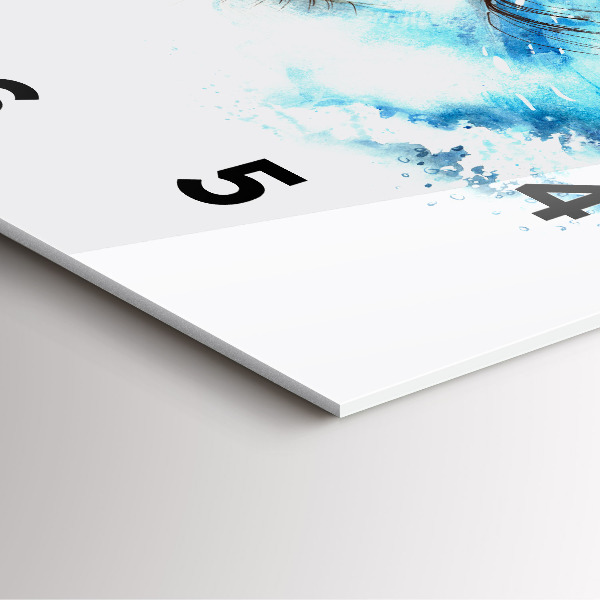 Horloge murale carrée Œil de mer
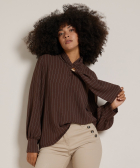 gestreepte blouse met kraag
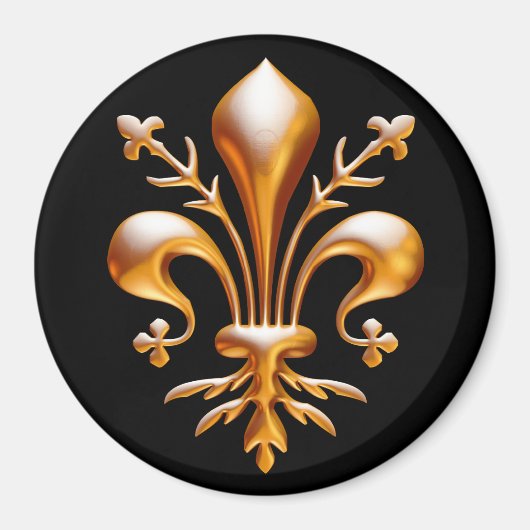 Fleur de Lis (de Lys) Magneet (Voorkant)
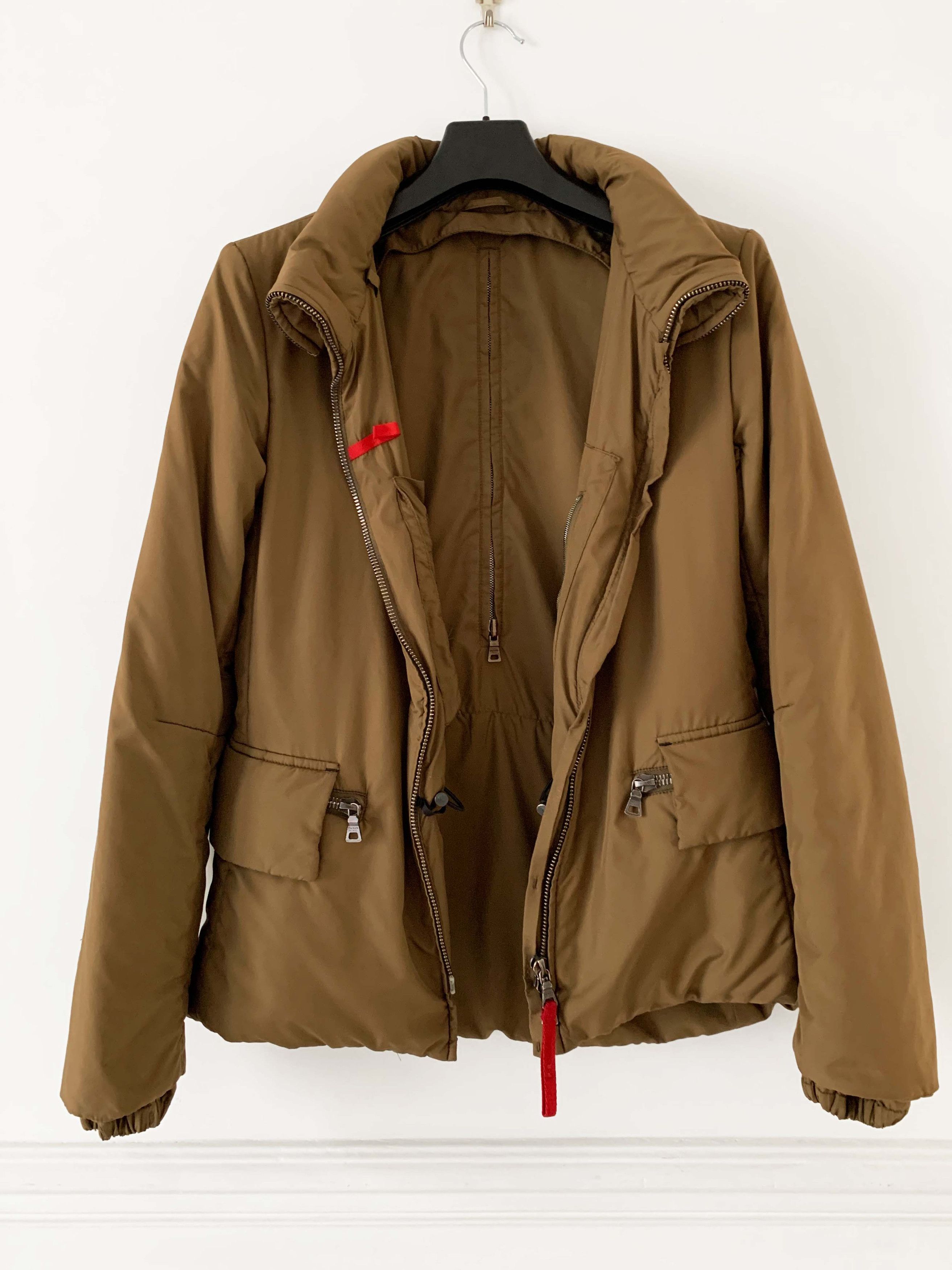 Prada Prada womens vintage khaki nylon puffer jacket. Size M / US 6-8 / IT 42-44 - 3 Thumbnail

---

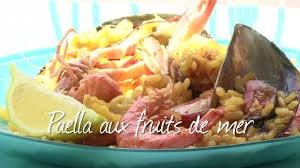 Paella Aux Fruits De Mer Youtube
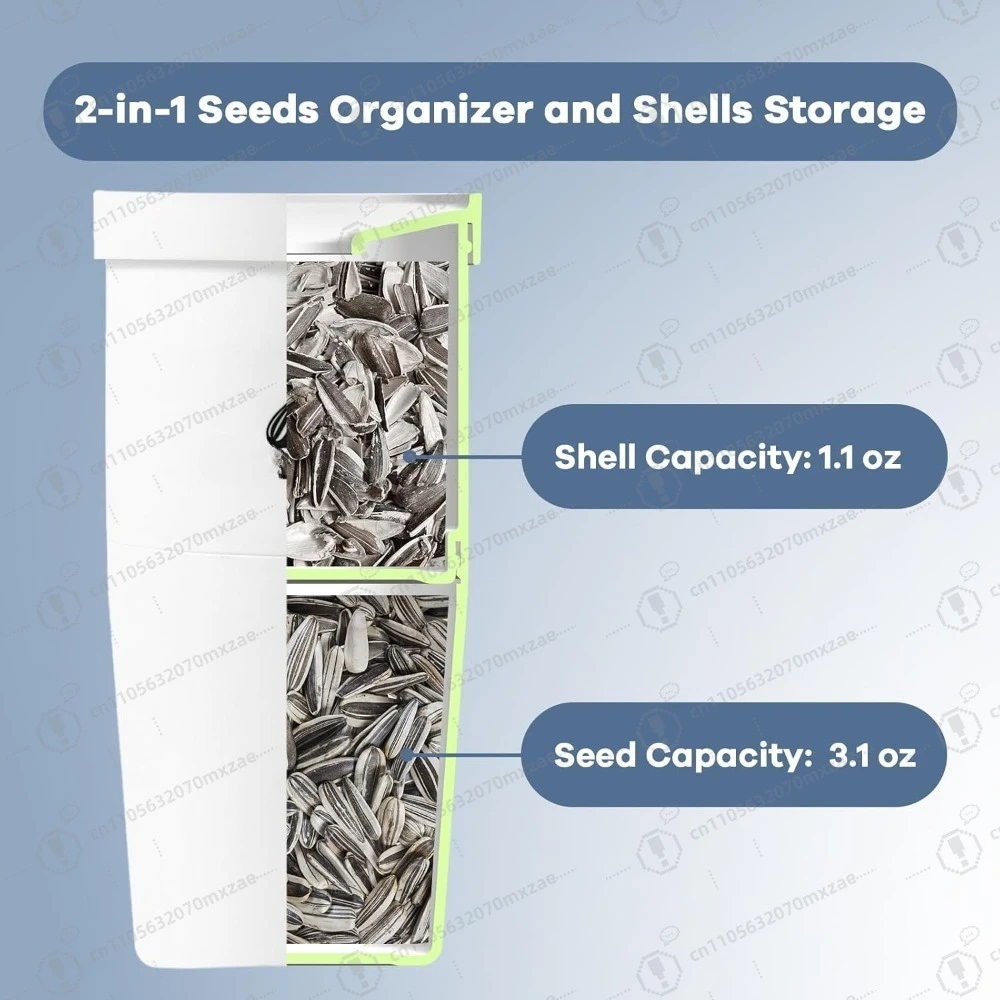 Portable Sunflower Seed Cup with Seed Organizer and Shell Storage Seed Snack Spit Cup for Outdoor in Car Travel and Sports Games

--

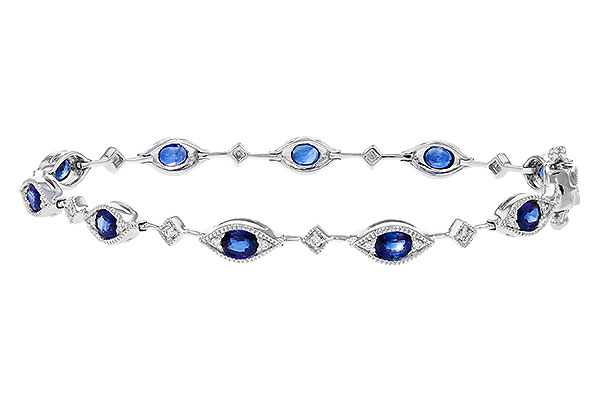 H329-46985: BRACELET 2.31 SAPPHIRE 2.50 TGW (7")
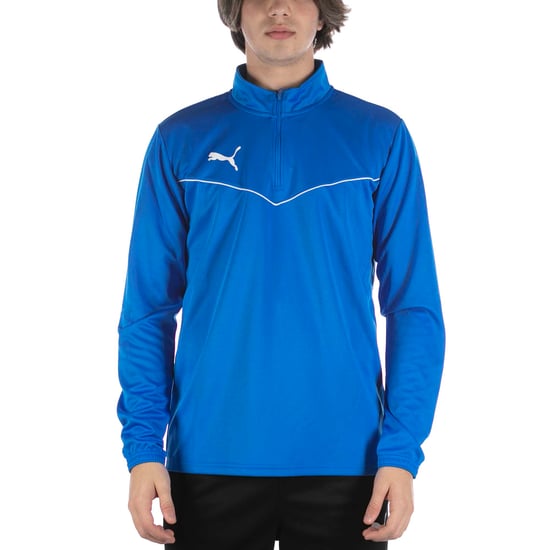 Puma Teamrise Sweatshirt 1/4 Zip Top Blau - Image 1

Goal of the exercise:
Reproduce the data above exactly, but only from the line containing "gestreepte blouse met kraag" through the line containing "Prada Prada womens"; skip the pictures.

Your response:
 gestreepte blouse met kraag
 Fleur de Lis (de Lys) Magneet (Voorkant)
 Prada Prada womens vintage khaki nylon puffer jacket. Size M / US 6-8 / IT 42-44 - 3 Thumbnail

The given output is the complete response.